鬼上司のバニーガール ~部長、あなたが撫でているのは愛兎ではなくあなたの部下です~
「おい、牧野」
「っ! は、はいぃ!」

 軽く上に跳ねながら立ち上がる。そのあまりの勢いに、椅子は後ろに吹き飛んでしまった。

 ただ名を呼ばれただけにしては大袈裟な反応。だが、今の今まで見つめていた相手と唐突に目が合ったのだ。驚かずにはいられなかった。

 しかしながら、本当に驚いたのは周囲の同僚たちの方だ。皆、なにごとかと梢を見ている。

 とても気まずい。梢は同僚たちにぺこぺこと頭を下げながら、そそくさと孝仁の前へと移動した。

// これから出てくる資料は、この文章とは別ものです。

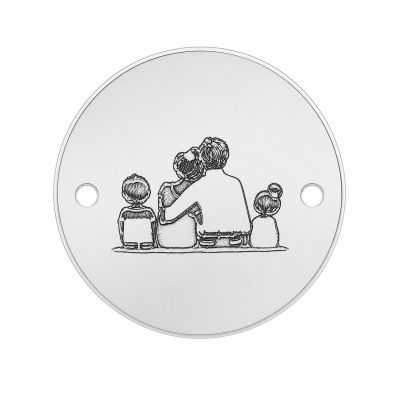 Bănuț de argint 925 gravat în relief Familie cu Fetiță și Băiețel E2106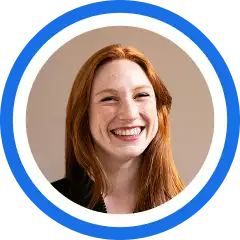 A series of circular portraits showing a woman with red hair smiling and expressing different emotions, arranged horizontally.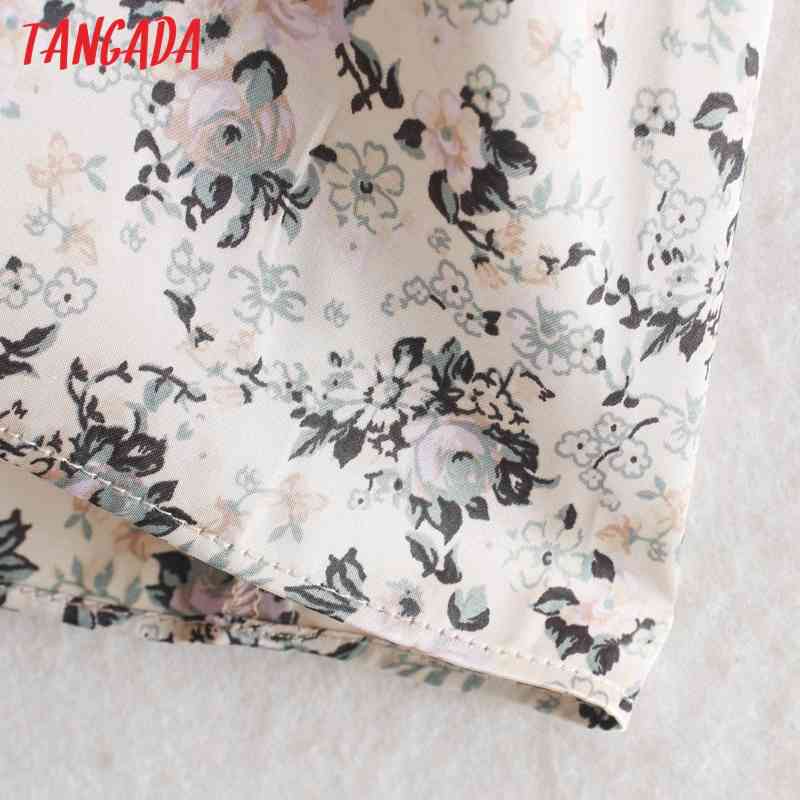Women Chic Fashion Floral Print Pleated Midi Dress Vintage Lantern Sleeve Female Dresses Vestidos 2W96 210416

「先ほどから視線がうるさいぞ。言いたいことがあるなら、はっきりと口で言え」

 ギクッと身をすくめる。

(ヤバいっ、気づかれてた!? 少しも視線は合ってなかったのに……)

 まさか孝仁を見ていたことがバレていようとは。梢は焦りから視線を彷徨わせる。

(どうしよう……ただなんとなく見てただけで、言いたいことなんてないよ……)

 孝仁を見ていたのは、ただ自然と目を奪われてしまったからだ。なにか目的があったわけではない。だが、バカ正直に事実を伝えるわけにもいくまい。

 梢は脳をフル回転させて言い訳を考えるが、焦っている状況ではなにも思い浮かばない。一人であわあわとしている間に、孝仁の眉間には深いしわが刻まれてしまった。もう一刻の猶予もない。